The nine participants of the Dcom experiment are kidnapped by a masked individual known as Zero, who makes them play a coin toss; if they win, they are set free with no memory of what happened, and if they lose they awake in a facility separated into three wards, with one team in each. After losing, they are forced to play the "Decision Game", and submit a vote for one of the teams; the one with the most votes gets executed. At this point, the story starts branching into different timelines depending on player choices.
In one timeline, Phi is killed, and Diana and Sigma are trapped in the facility. They discover a transporter device, which they use to send copies of themselves to another timeline; their original selves remain, however, and the transporter takes ten months to recharge. They begin a relationship, and Diana later gives birth to fraternal twins, a boy and a girl whom they name Delta and Phi. Using the recharged transporter, they send the babies to the past, to keep them safe from Zero.

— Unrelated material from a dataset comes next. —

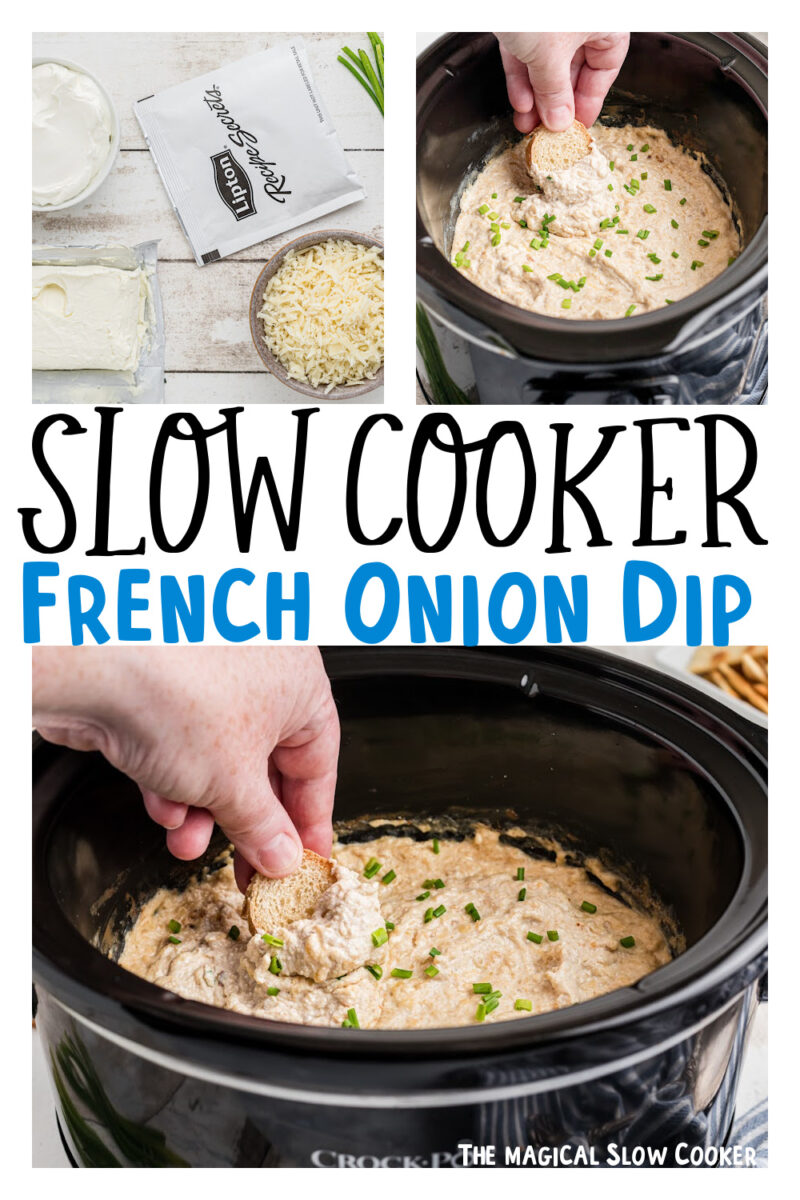 images of french onion dip with text for pinterest.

In another timeline, Akane realizes that Carlos can send his consciousness between timelines in times of danger, which she calls "Spacetime Human Internal Fluctuating Transfer", or "shifting". Through the resonance from Carlos's ability, C-Team shifts between timelines to collect passwords, but Zero sends the boy in the helmet – revealed to be a humanoid robot named Sean – to attack them for violating the rules.
Carlos flees by shifting to the timeline that the copies of Diana and Sigma had been transported to. Diana and Sigma reach a room with sleeping pods, where they find and wake up Eric and Sean, and find the dead bodies of the remaining participants. Armed with a shotgun, Eric demands to know who killed Mira; Carlos says that he must be innocent as he was in the C Ward, but Diana realizes that the wards are not separate: there is only one lounge, which changes its appearance using projection mapping. They realize that only one team is active at a time, while the rest are kept asleep in the pods. Sean reveals Zero's true identity: he is Delta, an elderly man thought to be wheelchair-bound, deaf, blind and mute, who had been with Q-Team the entire time, but off-camera from the player's perspective. He admits that he killed Mira, and prevents the participants from escaping by using his esper abilities to make Eric shoot everyone but Diana.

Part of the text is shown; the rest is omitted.